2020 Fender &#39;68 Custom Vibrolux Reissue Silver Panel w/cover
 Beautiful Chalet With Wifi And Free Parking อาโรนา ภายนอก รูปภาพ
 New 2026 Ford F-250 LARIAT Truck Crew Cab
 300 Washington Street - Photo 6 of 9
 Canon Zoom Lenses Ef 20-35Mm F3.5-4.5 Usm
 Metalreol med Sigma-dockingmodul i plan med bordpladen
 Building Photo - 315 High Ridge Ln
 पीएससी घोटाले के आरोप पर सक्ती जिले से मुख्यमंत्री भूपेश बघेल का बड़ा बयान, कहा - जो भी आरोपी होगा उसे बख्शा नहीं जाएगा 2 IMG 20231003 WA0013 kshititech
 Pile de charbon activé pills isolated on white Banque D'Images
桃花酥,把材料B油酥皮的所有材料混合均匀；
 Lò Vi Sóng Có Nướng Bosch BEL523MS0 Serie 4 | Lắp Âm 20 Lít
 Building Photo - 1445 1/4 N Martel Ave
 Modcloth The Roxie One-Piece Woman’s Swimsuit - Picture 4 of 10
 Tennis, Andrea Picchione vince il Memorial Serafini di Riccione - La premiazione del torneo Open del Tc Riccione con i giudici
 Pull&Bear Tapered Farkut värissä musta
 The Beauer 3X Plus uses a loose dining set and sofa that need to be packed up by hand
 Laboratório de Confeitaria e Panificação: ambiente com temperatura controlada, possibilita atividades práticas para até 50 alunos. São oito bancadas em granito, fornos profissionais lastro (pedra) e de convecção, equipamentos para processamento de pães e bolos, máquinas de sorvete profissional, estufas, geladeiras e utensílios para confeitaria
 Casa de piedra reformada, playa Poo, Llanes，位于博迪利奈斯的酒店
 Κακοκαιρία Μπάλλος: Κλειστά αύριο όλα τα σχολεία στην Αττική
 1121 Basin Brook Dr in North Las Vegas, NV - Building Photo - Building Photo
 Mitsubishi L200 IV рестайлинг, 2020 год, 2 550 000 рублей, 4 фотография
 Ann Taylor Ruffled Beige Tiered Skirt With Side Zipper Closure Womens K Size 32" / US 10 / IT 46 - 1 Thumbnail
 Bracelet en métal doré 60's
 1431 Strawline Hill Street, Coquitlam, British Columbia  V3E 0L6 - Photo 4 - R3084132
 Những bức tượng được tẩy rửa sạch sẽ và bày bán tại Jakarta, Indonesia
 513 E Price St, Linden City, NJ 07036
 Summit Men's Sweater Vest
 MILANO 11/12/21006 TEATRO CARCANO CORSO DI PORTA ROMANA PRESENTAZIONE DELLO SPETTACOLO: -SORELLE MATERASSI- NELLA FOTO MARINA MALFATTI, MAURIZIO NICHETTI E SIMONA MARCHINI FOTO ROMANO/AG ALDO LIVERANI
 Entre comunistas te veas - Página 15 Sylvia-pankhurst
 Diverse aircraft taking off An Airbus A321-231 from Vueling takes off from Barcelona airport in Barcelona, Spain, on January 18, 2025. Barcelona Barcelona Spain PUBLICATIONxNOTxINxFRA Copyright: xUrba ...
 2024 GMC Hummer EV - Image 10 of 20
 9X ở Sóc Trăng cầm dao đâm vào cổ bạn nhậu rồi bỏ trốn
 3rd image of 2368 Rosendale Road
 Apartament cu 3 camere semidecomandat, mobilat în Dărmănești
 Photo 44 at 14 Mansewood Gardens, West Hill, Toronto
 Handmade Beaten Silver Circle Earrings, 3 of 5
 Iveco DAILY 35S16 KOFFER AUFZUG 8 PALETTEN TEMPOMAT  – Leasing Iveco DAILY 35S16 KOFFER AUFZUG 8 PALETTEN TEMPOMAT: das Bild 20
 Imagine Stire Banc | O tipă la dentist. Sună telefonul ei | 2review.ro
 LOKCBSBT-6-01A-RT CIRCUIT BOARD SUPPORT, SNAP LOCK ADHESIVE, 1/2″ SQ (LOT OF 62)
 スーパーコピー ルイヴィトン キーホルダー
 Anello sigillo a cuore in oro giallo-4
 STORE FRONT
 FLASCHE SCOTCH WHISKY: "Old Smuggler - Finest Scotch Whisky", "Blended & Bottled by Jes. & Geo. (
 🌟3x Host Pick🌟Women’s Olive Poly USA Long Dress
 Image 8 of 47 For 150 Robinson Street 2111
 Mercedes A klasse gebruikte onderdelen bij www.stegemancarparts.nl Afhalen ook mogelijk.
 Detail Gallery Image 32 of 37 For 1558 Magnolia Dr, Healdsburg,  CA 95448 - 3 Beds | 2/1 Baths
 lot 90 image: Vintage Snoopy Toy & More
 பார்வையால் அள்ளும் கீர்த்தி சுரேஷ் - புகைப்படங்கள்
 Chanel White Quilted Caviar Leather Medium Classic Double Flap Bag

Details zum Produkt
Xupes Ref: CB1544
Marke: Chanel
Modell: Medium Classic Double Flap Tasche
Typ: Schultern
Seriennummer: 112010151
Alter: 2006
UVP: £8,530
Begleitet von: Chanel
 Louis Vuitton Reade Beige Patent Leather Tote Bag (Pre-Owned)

[About this exercise]
When you reach the line with "桃花酥,把材料B油酥皮的所有材料混合均匀；" in the records above, start writing out lines exactly, and stop once the line with "Pull&Bear Tapered Farkut värissä musta" has been written; include nothing else.

[Response]
桃花酥,把材料B油酥皮的所有材料混合均匀；
 Lò Vi Sóng Có Nướng Bosch BEL523MS0 Serie 4 | Lắp Âm 20 Lít
 Building Photo - 1445 1/4 N Martel Ave
 Modcloth The Roxie One-Piece Woman’s Swimsuit - Picture 4 of 10
 Tennis, Andrea Picchione vince il Memorial Serafini di Riccione - La premiazione del torneo Open del Tc Riccione con i giudici
 Pull&Bear Tapered Farkut värissä musta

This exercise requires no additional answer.